Talent with disabilities bring alternative perspectives to getting a job done, to solving a problem, and to reaching a goal.  It is this unique perspective and life experiences that can contribute innovative ideas, processes and market reach.

People with Disabilities Are A Large and Growing Market

People with disabilities in the United States alone represent an annual spending power of $645 billion, and their friends and families—those who would make spending decisions based on how inclusive and accessible a company may be, represent another $4 trillion in annual spending, according to the Return on Disability Group.  This is both a talent and customer market that businesses want to engage!  When your employees can give you a unique lens to a customer market they can inform advertising, product development, customer service and more.

An Opportunity for Employers to Lead in Talent and Market

Hiring people with disabilities is not about charity, but about smart business.  Ranging across industries and business lines, our clients include some familiar brands such as PepsiCo, Synchrony Financial, American Express, Aon and Staples.  These companies and others are taking action in hiring people with disabilities to meet their talent needs across the board and seeing real business results including key HR metrics:

  • An average 14% higher retention rate in the same roles;
  • 33% decrease in interview to hire ratios, saving talent acquisition professionals valuable time while decreasing time to fill;
  • 53% and 28% higher rates of voluntary “self-disclosure” among job seekers with disabilities and veteran’s respectively—important compliance results for government contractors and reflecting a positive and inclusive corporate culture;

Diversity within Disability

All of us have many roles in life both in our work and personal lives and bring our varied backgrounds, upbringing, culture, and prior experiences to the table.  People with disabilities are no different and cut across all dimensions of diversity.  By attracting, hiring and promoting talent with disabilities, we are also including their whole selves, disability only being a piece of who someone is.  For example, across our client base, employees with disabilities who have been hired cut across several areas of EEO reporting including:

  • 35% Women
  • 21% Veterans
  • 19% Hispanic
  • 36% White
  • 42% Black

Case Study #1:  PepsiCo

Talent need.  Our team, Disability Solutions, worked together with PepsiCo to design, build and launch Pepsi ACT (Achieving Change Together) with the goal of hiring talent with disabilities including veterans across the country to meet their workforce needs.  Developed as a national model for next-generation hiring practices, ACT has since become a part of their overall talent strategy.  Filling job opportunities across all career and experience levels, to date, the ACT model has been implemented across nine U.S. cities including a call center serving two business lines in North Carolina, including outgoing sales calls and inbound customer services calls.

The approach.

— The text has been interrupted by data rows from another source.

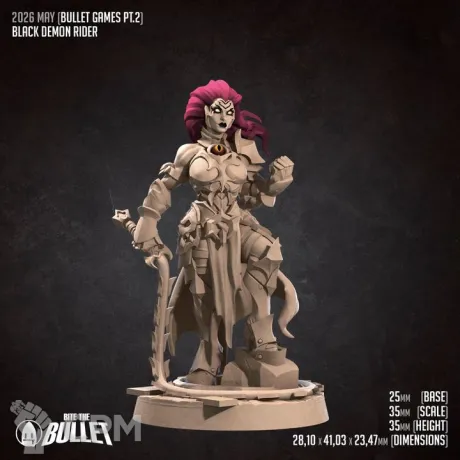 Описание картинки Black Demon Rider от PocketSized Prints по цене 200руб | Свободный Рынок Миниатюр - СРМ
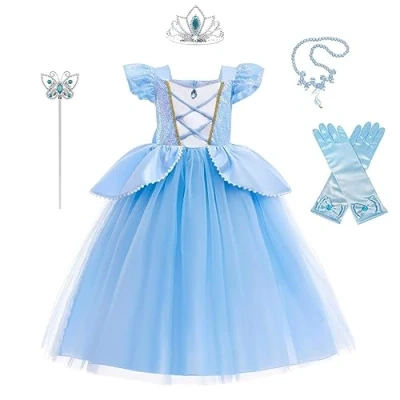 Imagen de Lito Angels Vestido Disfraz Princesa Cenicienta con Corona y Accesorios para Niñas Pequeñas Talla 4 5 Años, Azul (Número de etiqueta 120)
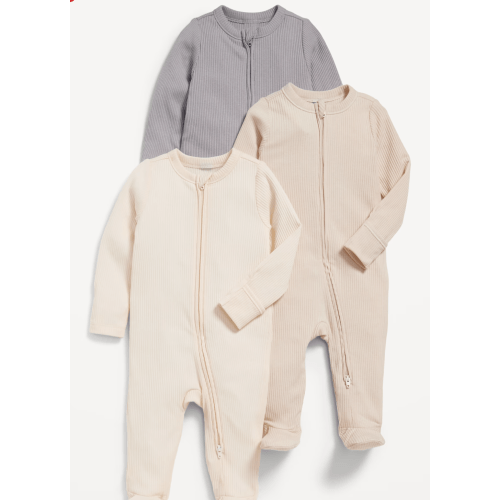 2-Way-Zip Sleep & Play Footed One-Piece 3-Pack for Baby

To achieve business results, we start with our discovery process to understand the business needs.  This includes job qualifications, work environment (including a “day in the life” analysis), business goals and objectives, and the application process.  Although systems, policies and procedures are not the sexiest topics, they are extremely important to identifying often easy-to-fix barriers to jobseekers getting interviewed and hired.

Based on discovery learnings, hiring managers and HR were prepared through training and best practice discussions, and we then began outreach together with HR site leaders to build talent partnerships on their behalf.  Talent partners included veteran’s groups, state workforce agencies, community organizations who provide services to people with disabilities, and college campuses.  The Pepsi ACT talent brand was an important piece of the outreach and hiring efforts reaching beyond community partners to reach job seekers directly through word of mouth, social media and other organic communication within the community.

Pepsi disabilitiesThe results:

  • Hires through ACT was the single largest source of call center hires (23%)
  • Decreased the “Interview: Hire Ratio” by 50%
  • 42 hires (23%) with disabilities of 180 total hires within the first year. Hiring continues today as an embedded part of the overall talent strategy.
  • 91% retention
  • HR Leaders internally lifted and shifted model to additional call center sites;
  • A national “best practice” visit from then Secretary of Labor Thomas Perez (pictured right with Tammy Smith, the first employee hired via PepsiACT)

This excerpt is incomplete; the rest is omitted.